*TO DO:* Apart from the pictures, every record here must be copied word for word.

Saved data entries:
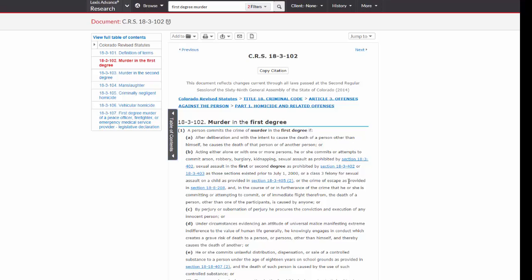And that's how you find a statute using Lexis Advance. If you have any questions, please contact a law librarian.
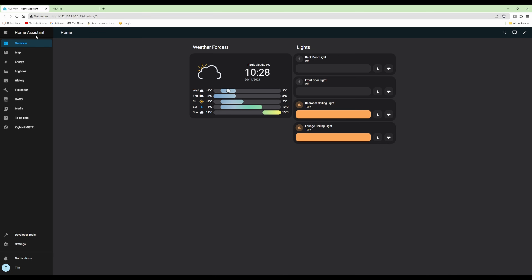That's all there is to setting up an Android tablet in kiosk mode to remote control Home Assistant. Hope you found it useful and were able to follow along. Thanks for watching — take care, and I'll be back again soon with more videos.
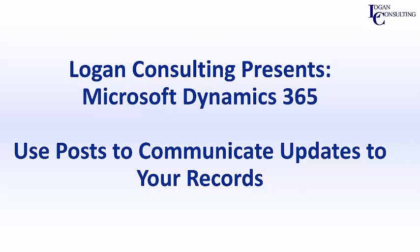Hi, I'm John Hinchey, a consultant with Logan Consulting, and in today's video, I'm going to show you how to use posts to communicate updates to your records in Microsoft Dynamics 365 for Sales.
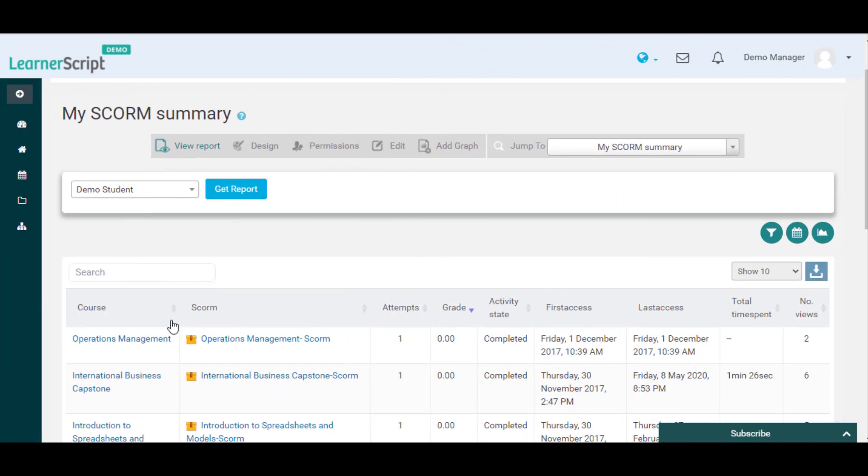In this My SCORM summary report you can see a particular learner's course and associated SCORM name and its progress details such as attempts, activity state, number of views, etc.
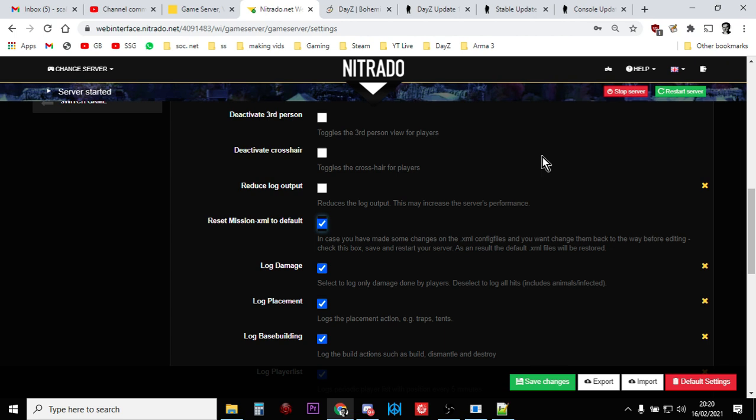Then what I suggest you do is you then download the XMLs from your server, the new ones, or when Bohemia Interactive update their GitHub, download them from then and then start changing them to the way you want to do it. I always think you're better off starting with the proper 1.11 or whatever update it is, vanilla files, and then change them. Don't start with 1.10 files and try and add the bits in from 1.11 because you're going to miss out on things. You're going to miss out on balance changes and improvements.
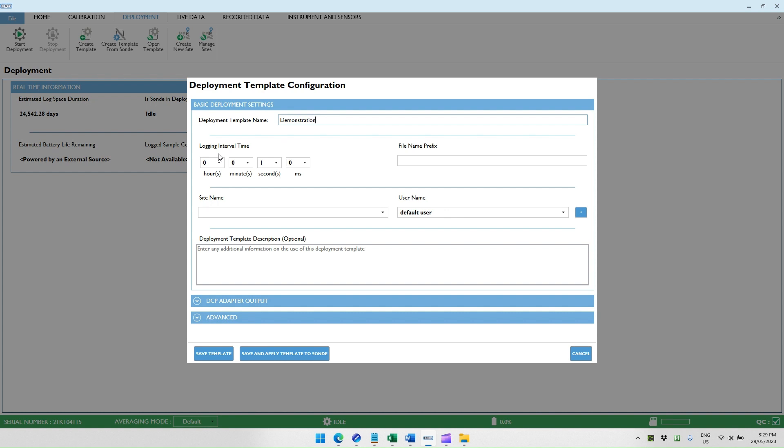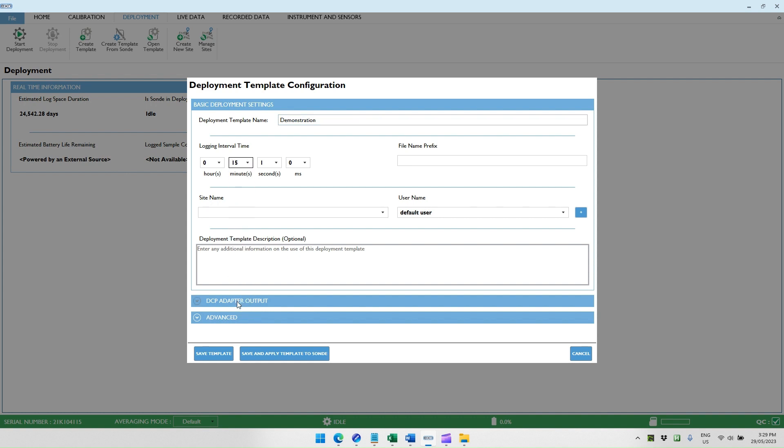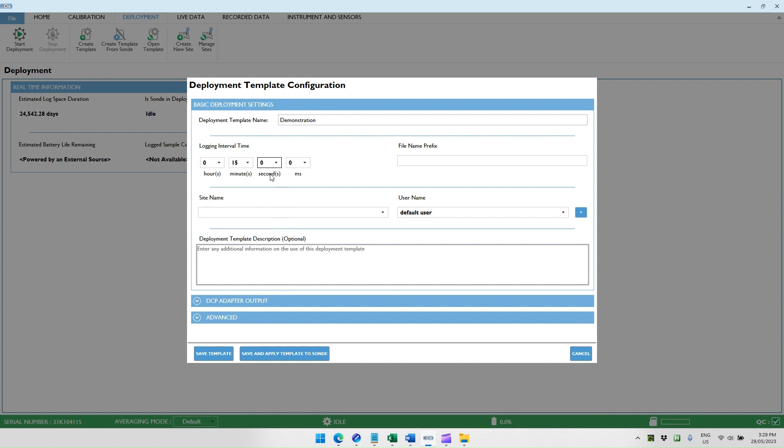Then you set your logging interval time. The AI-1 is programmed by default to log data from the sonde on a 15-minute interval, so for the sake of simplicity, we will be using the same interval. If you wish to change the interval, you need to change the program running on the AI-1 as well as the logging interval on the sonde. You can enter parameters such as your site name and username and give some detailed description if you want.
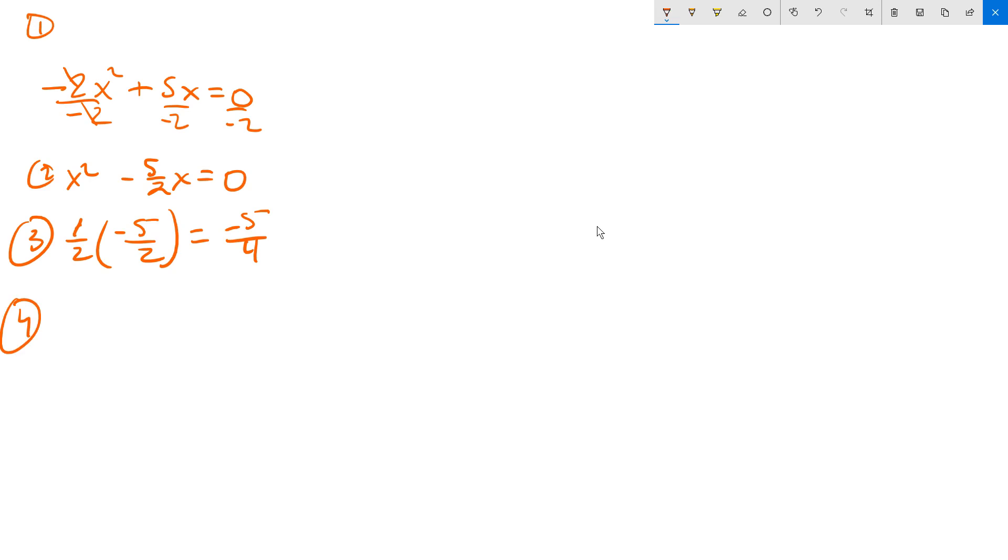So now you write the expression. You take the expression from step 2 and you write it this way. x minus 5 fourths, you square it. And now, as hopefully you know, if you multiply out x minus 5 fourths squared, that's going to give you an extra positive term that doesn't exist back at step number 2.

*RESULT:*
And that's how you find a statute using Lexis Advance. If you have any questions, please contact a law librarian.
That's all there is to setting up an Android tablet in kiosk mode to remote control Home Assistant. Hope you found it useful and were able to follow along. Thanks for watching — take care, and I'll be back again soon with more videos.
Hi, I'm John Hinchey, a consultant with Logan Consulting, and in today's video, I'm going to show you how to use posts to communicate updates to your records in Microsoft Dynamics 365 for Sales.
In this My SCORM summary report you can see a particular learner's course and associated SCORM name and its progress details such as attempts, activity state, number of views, etc.
Then what I suggest you do is you then download the XMLs from your server, the new ones, or when Bohemia Interactive update their GitHub, download them from then and then start changing them to the way you want to do it. I always think you're better off starting with the proper 1.11 or whatever update it is, vanilla files, and then change them. Don't start with 1.10 files and try and add the bits in from 1.11 because you're going to miss out on things. You're going to miss out on balance changes and improvements.
Then you set your logging interval time. The AI-1 is programmed by default to log data from the sonde on a 15-minute interval, so for the sake of simplicity, we will be using the same interval. If you wish to change the interval, you need to change the program running on the AI-1 as well as the logging interval on the sonde. You can enter parameters such as your site name and username and give some detailed description if you want.
So now you write the expression. You take the expression from step 2 and you write it this way. x minus 5 fourths, you square it. And now, as hopefully you know, if you multiply out x minus 5 fourths squared, that's going to give you an extra positive term that doesn't exist back at step number 2.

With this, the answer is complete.